[[ Records for the task, beginning ]]

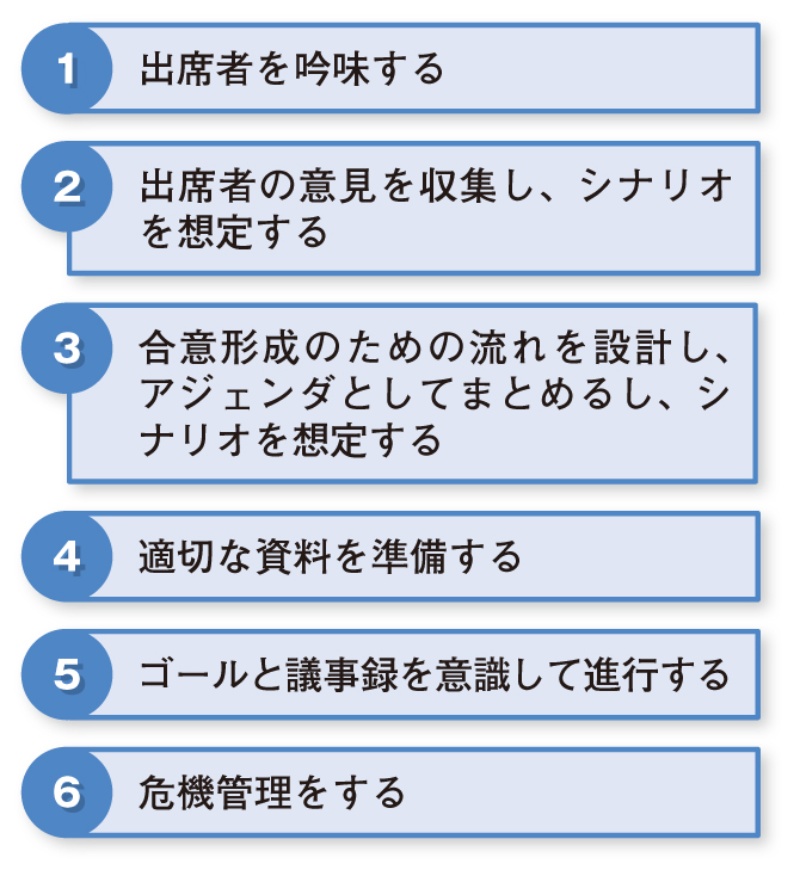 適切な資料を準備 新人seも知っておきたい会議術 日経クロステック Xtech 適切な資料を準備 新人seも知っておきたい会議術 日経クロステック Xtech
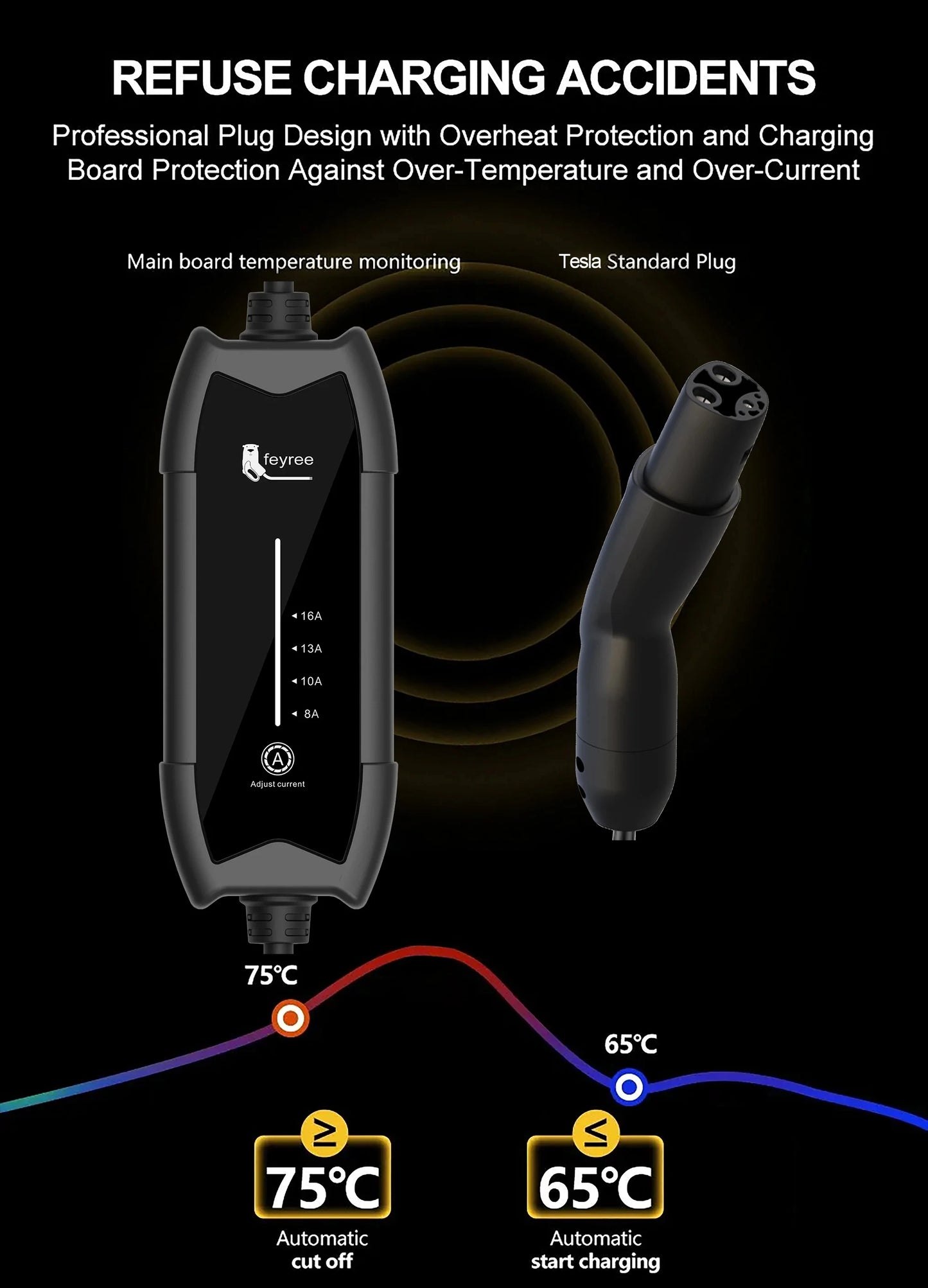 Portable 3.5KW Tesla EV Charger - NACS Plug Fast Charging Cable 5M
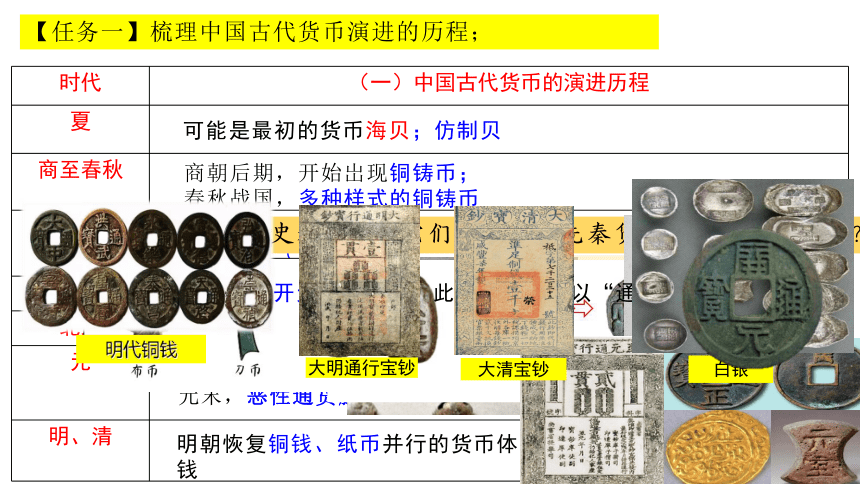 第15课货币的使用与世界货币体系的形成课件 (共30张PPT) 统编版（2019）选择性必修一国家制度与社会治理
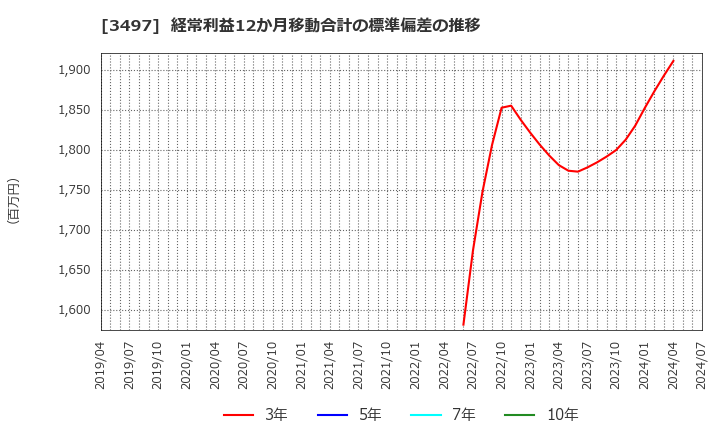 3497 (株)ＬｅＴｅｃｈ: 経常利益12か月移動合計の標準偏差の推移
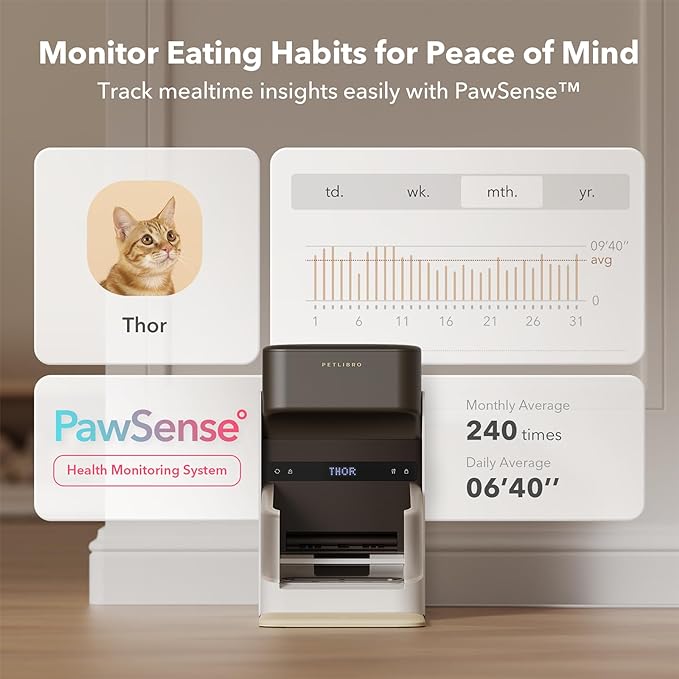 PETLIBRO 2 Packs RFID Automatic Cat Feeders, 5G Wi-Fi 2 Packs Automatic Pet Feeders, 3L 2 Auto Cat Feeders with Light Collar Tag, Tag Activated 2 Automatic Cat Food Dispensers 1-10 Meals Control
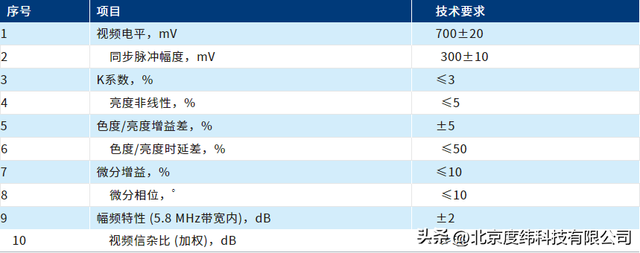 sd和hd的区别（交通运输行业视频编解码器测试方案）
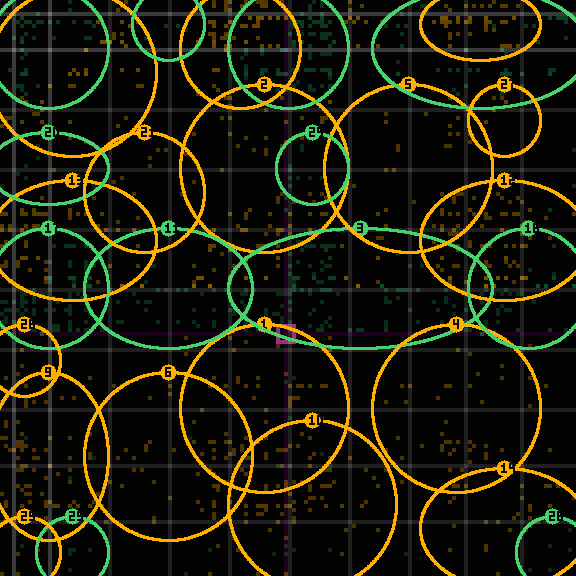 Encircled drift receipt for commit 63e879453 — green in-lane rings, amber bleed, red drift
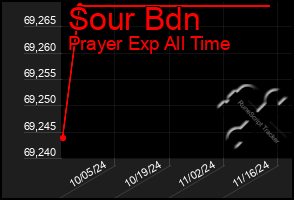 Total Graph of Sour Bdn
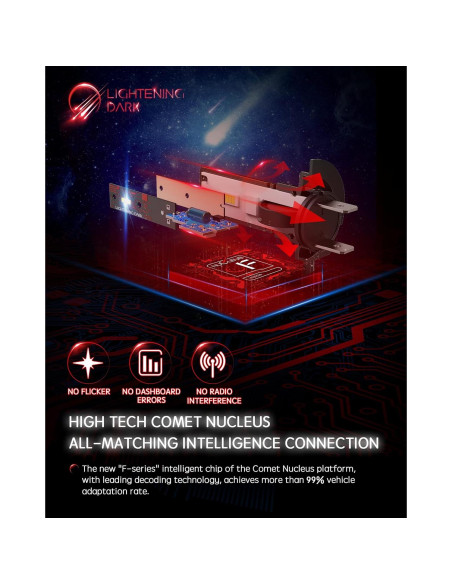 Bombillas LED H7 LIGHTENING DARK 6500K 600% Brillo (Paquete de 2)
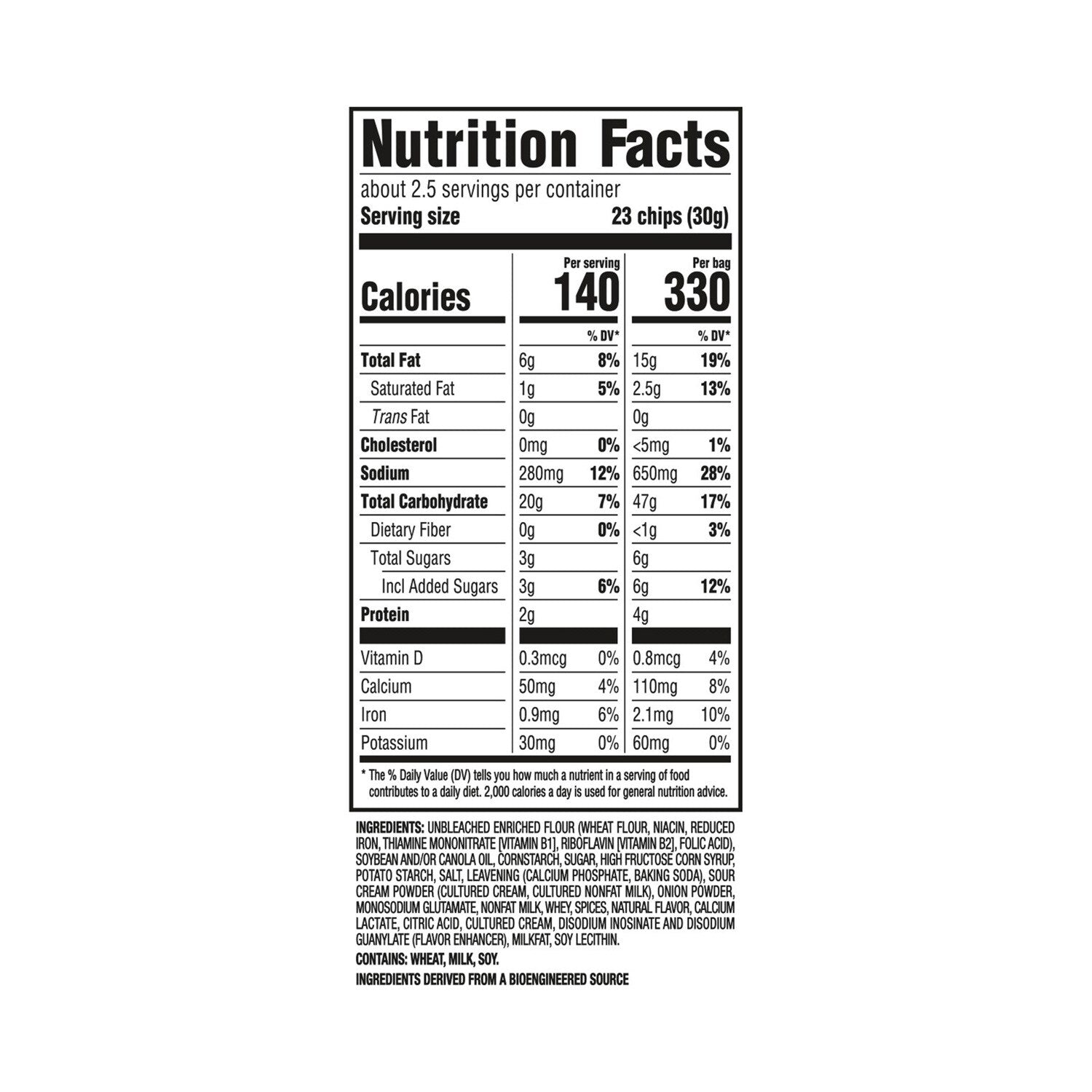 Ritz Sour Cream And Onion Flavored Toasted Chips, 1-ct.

[[ Records for the task, end ]]

* **Assignment**
Nothing but the lines from the one containing "Total Graph of Sour Bdn" through the last line of the material may appear in the answer, transcribed exactly and with no pictures.

* **Answer area**
 Total Graph of Sour Bdn
 Bombillas LED H7 LIGHTENING DARK 6500K 600% Brillo (Paquete de 2)
 Ritz Sour Cream And Onion Flavored Toasted Chips, 1-ct.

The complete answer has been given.